Constellation, a power and natural gas supplier and subsidiary of Exelon, the Chicago energy producer, trader and distributor.

The power contract discussion comes after the agency last month unveiled green power targets that officials contend would make the venture immediately cleaner than PG&E.

They would dictate that 70 percent of the electricity purchased in the initial contract be from carbon-free sources. By comparison, PG&E's carbon-free power amounts to 51 percent of its supply.

Renewable sources — including wind, geothermal, biomass and small hydroelectric projects — would make up about 33percent of the agency's supply at the outset. PG&E's current renewable portfolio is 19 percent of its supply.

Electricity from nuclear and coal-fired plants would be banned in the contract.

Environmental backers of Sonoma Clean Power have cheered that stand and other terms that would allow flexibility to introduce energy from local sources during the contract term.

"It allows us to develop local resources without penalties," said Ann Hancock, executive director of the Santa Rosa-based Climate Protection Campaign.

While supporting the push for competitive rates, the group has pushed back against those arguing for the cheapest rates, saying the agency should preserve some revenue cushion to support local supply and efficiency efforts.

Such projects have long been part of the supporters' vision to reduce greenhouse gas emissions and create local jobs.

"It is a balancing act," said Hancock. "That's why we have to be deft and very smart in how we unfold this program, so that we deliver on the treasure that was promised."

Bob Williamson, a Mark West-area resident who has been an active ratepayer advocate, said he had not seen any agency direction so far that had made him uncomfortable.

He called Thursday's discussion on the power supply contract "technical, as opposed to a policy meeting."

"This is a competitive situation right now," he said of the final round of bidding. "They want to provide the lowest price possible."

In the other moves Thursday, the board is set to approve a $7.5 million line of credit from First Community Bank.
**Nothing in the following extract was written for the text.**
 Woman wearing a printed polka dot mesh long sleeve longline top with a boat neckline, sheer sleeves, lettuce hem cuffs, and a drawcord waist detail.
The financing is meant to bridge the gap between incoming customer bills and outgoing power payments.

Because that window has been widened in the proposed contract terms, the $7.5 million may now be enough to support the entire three-year rollout period, eliminating the need for what was once expected to be more than $20 million in bridge financing, Syphers said.

Less borrowing will bring down customer rates, he said.

"It's a small percentage, but we're dealing with small percentages," he said.

The proposed five-year, $9.7 million data management contract is with Noble Americas Energy Solutions, a large energy retailer based in San Diego.

It would manage customer service based out of an existing Santa Rosa call center, oversee customer accounts and coordinate billing with PG&E, among other work.

The firm was the low-bidder among three final candidates, all of them large energy retailers or data managers. Syphers said Noble Americas has a good reputation in the California energy industry and would be a close partner in the agency's launch. It also is handling data management for Marin's public power program.

"They're the first contact for a lot of customers," he said. "So it's really a key role."

The agency's meeting begins at 8:45 a.m. in the county Board of Supervisors chambers in Santa Rosa.